This is when NASDAQ stocks were introduced.

In [None]:
round(summary(crsp$ME)["NA's"] / nrow(crsp) * 100, 2)

In [None]:
dt = crsp %>% group_by(date) %>% summarise(mssg=sum(is.na(ME))/n())
dt$date = as.Date(dt$date, format='%Y%m%d')
p = ggplot(dt, aes(x=date, y=mssg*100)) + geom_line()
p = p + scale_x_date(date_breaks="5 year", date_labels="%Y%m")
p  # + theme(axis.text.x=element_text(angle=90, vjust=0.5))

In [None]:
# NASDAQ is 100% missing for some months
# This dominates graph and is not useful
# Absolute values used
dt = crsp %>% group_by(date, EXCHCD) %>% summarise(mssg=sum(is.na(ME)))  # /n())
dt$date = as.Date(dt$date, format='%Y%m%d')
p = ggplot(dt, aes(x=date, y=mssg*100, color=EXCHCD)) + geom_line()
p = p + scale_x_date(date_breaks="5 year", date_labels="%Y%m")
p  # + theme(axis.text.x=element_text(angle=90, vjust=0.5))

In [None]:
dt %>% arrange(-mssg) %>% head

Given the plots above about the number of firms on each exchange
and the results below,
we see results will be driven by NYSE and NASDAQ stocks.
There are more NASDAQ stocks but they are small.
There are few NYSE stocks but they are large.

In [None]:
dt = crsp %>% group_by(date, EXCHCD) %>%
    summarise(ME=mean(ME, na.rm=TRUE))
dt$date = as.Date(dt$date, format='%Y%m%d')
p = ggplot(dt, aes(x=date, y=ME, color=EXCHCD)) + geom_line()
p = p + scale_x_date(date_breaks="5 year", date_labels="%Y%m")
p  # + theme(axis.text.x=element_text(angle=90, vjust=0.5))

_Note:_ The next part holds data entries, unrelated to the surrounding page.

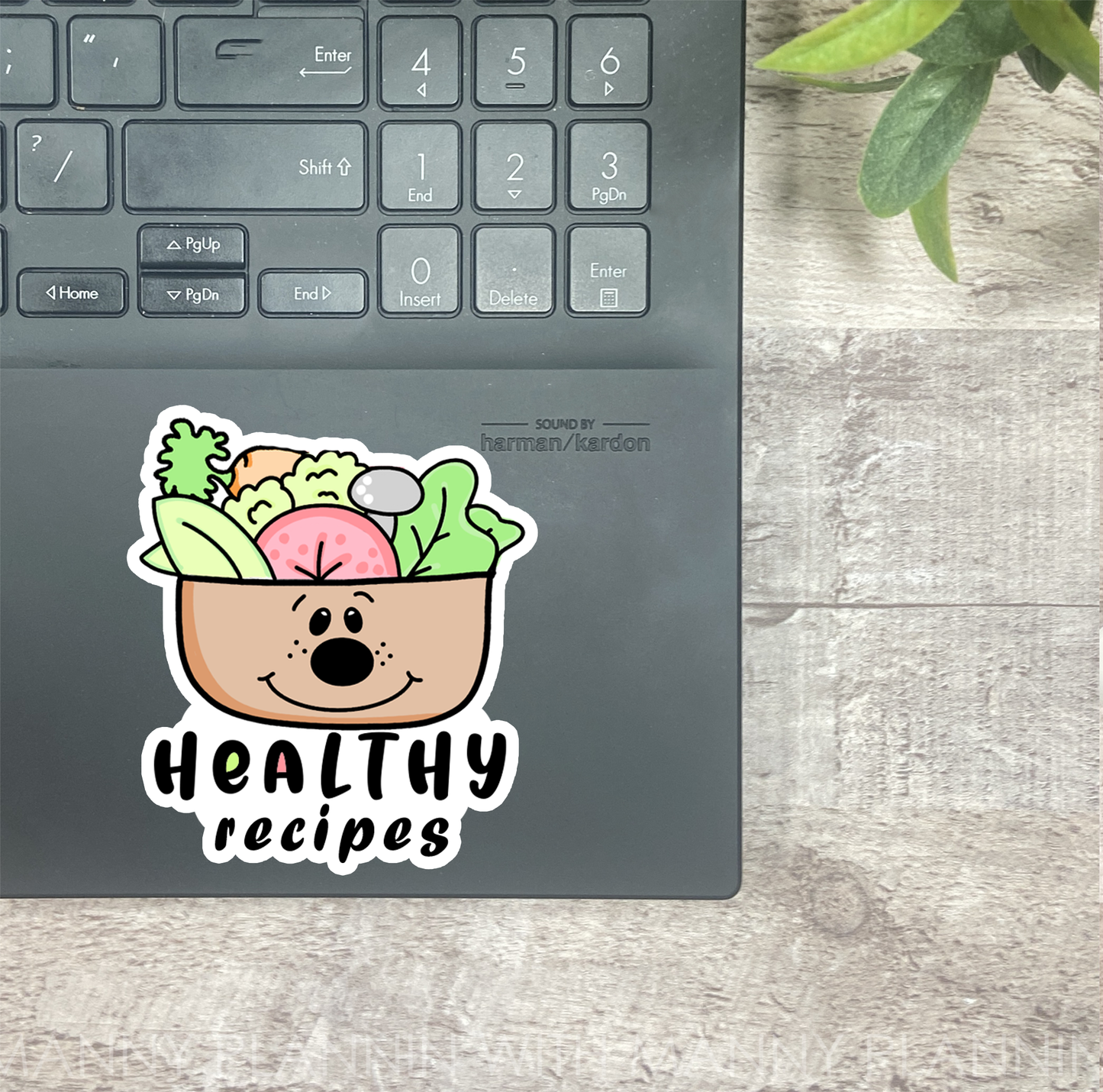 Healthy Recipes... Vinyl Sticker, Magnetic Bookmark, & Notecard MB49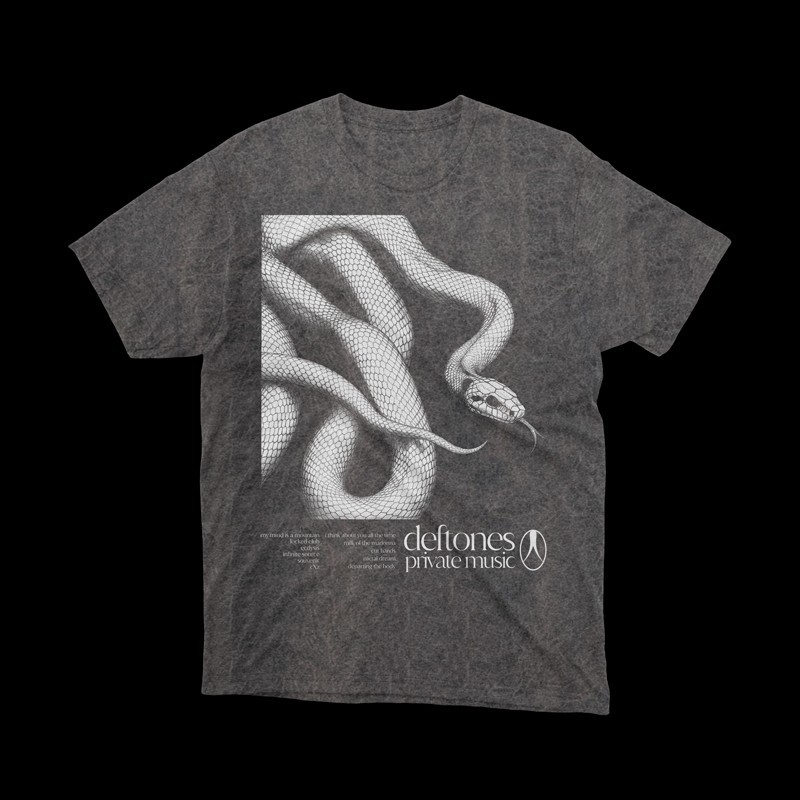 T-shirt acid washed Deftones Private Music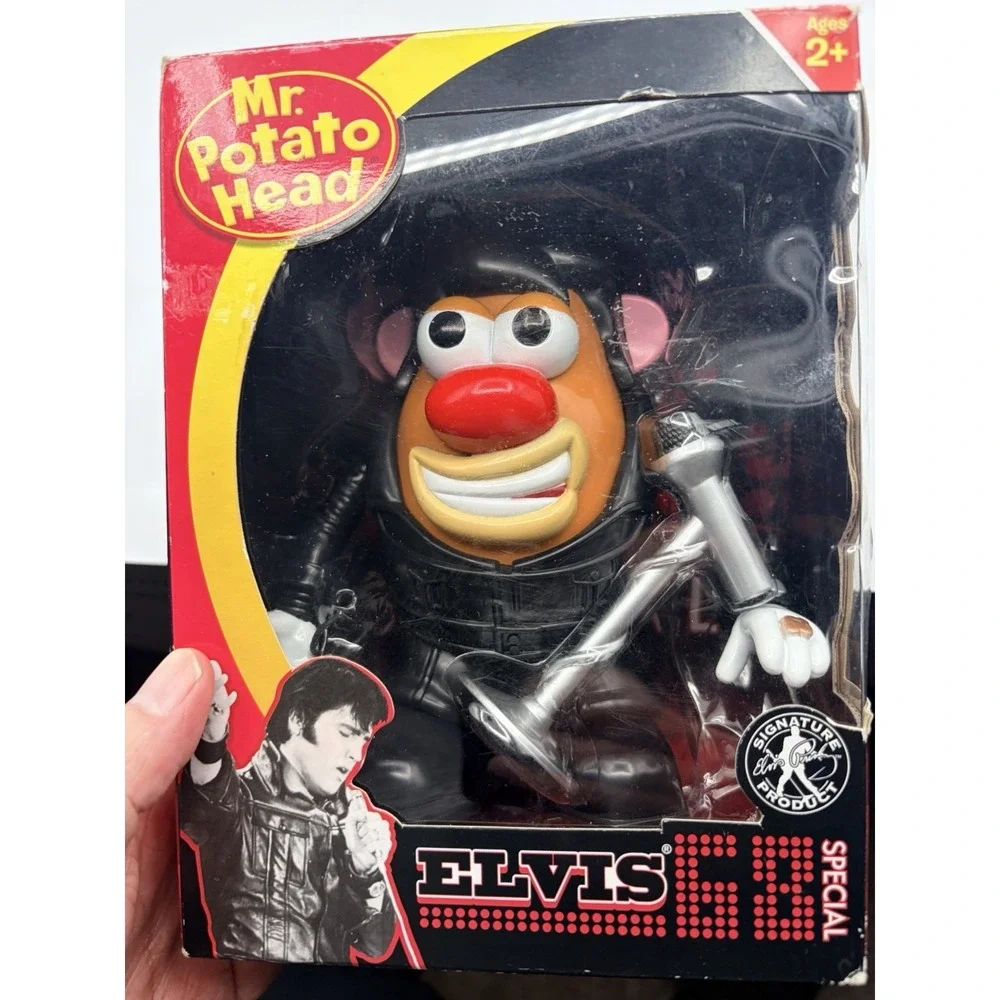 MR POTATO HEAD Elvis 68 Special Hair Leather Suit Microphone Mister Presley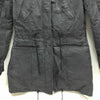 NEW Harley Womens Black Label Leather-Trimmed Parka/Coat Removable Liner XL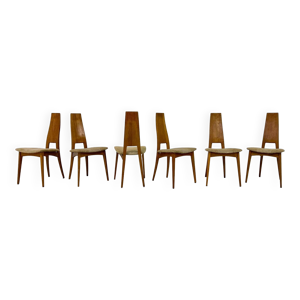ensemble de 6 chaises - 1980
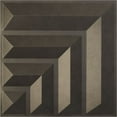 thumbnail image 1 of 19 5/8"W x 19 5/8"H Bolt EnduraWall Decorative 3D Wall Panel, Universal Aged Metallic Weathered Steel (Covers 2.67 Sq. Ft.), 1 of 6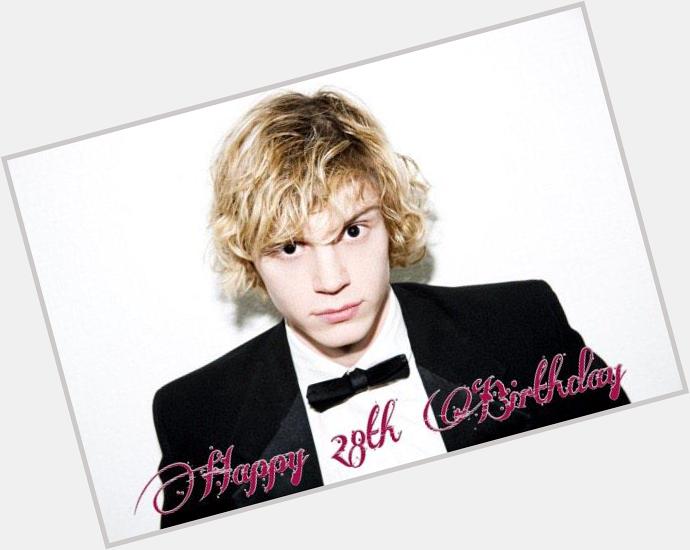Happy 28th birthday to the amazing Evan Peters! You have brought laughter and suspense to many. We wish you the best 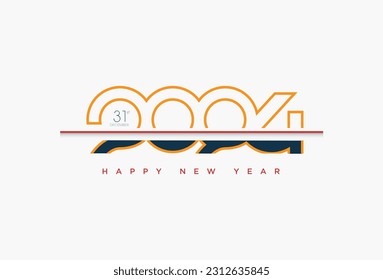 classic and rare numbers for 2024 new year banner. 2024 new year celebration.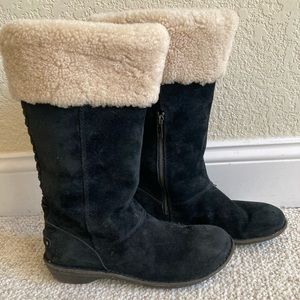 Ugg black suede boots size 9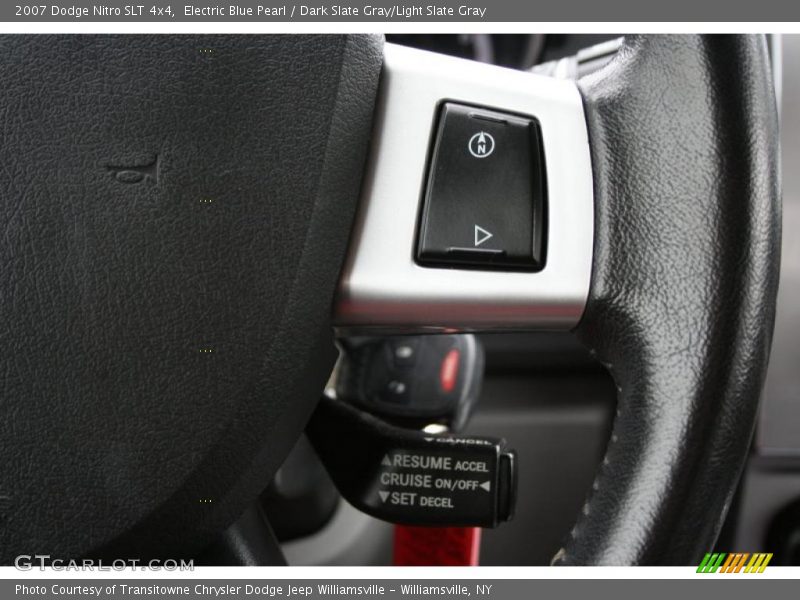 Electric Blue Pearl / Dark Slate Gray/Light Slate Gray 2007 Dodge Nitro SLT 4x4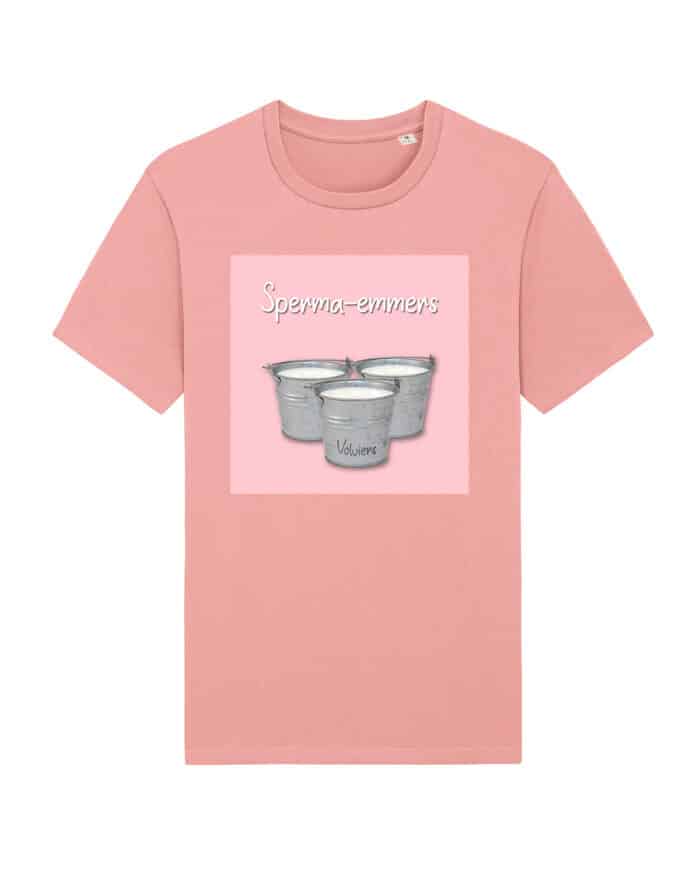 volviers sp*rma emmers roze t-shirt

**Prior return** is the sum of the past
11 to 1 lagged returns.
The return for month t is not included.

In [None]:
crsp$ri = crsp$RET
crsp$ri[is.null(crsp$ri) | is.na(crsp$ri)] = -.9999

crsp = crsp %>% group_by(PERMNO) %>%
    mutate(
        PR=lag(ri,11)+lag(ri,10)+lag(ri, 9)+lag(ri, 8)+
           lag(ri, 7)+lag(ri, 6)+lag(ri, 5)+lag(ri, 4)+
           lag(ri, 3)+lag(ri, 2)+lag(ri, 1),
        PR.OK=!is.na(lag(PRC,12))&!is.na(lag(RET))&!is.na(lag(ME))
    ) %>% as.data.frame

In [None]:
summary(crsp %>% select(ri, PR, PR.OK))

In [None]:
dt = crsp %>% group_by(date) %>% summarise(mssg=sum(PR.OK)/n())
dt$date = as.Date(dt$date, format='%Y%m%d')
p = ggplot(dt, aes(x=date, y=mssg*100)) + geom_line()
p = p + scale_x_date(date_breaks="5 year", date_labels="%Y%m")
p  # + theme(axis.text.x=element_text(angle=90, vjust=0.5))

In [None]:
dt = crsp %>% group_by(date, EXCHCD) %>% summarise(mssg=sum(PR.OK)/n())
dt$date = as.Date(dt$date, format='%Y%m%d')
p = ggplot(dt, aes(x=date, y=mssg*100, color=EXCHCD)) + geom_line()
p = p + scale_x_date(date_breaks="5 year", date_labels="%Y%m")
p  # + theme(axis.text.x=element_text(angle=90, vjust=0.5))

## Quantiles

We will frequently use the breakpoints from NYSE stocks.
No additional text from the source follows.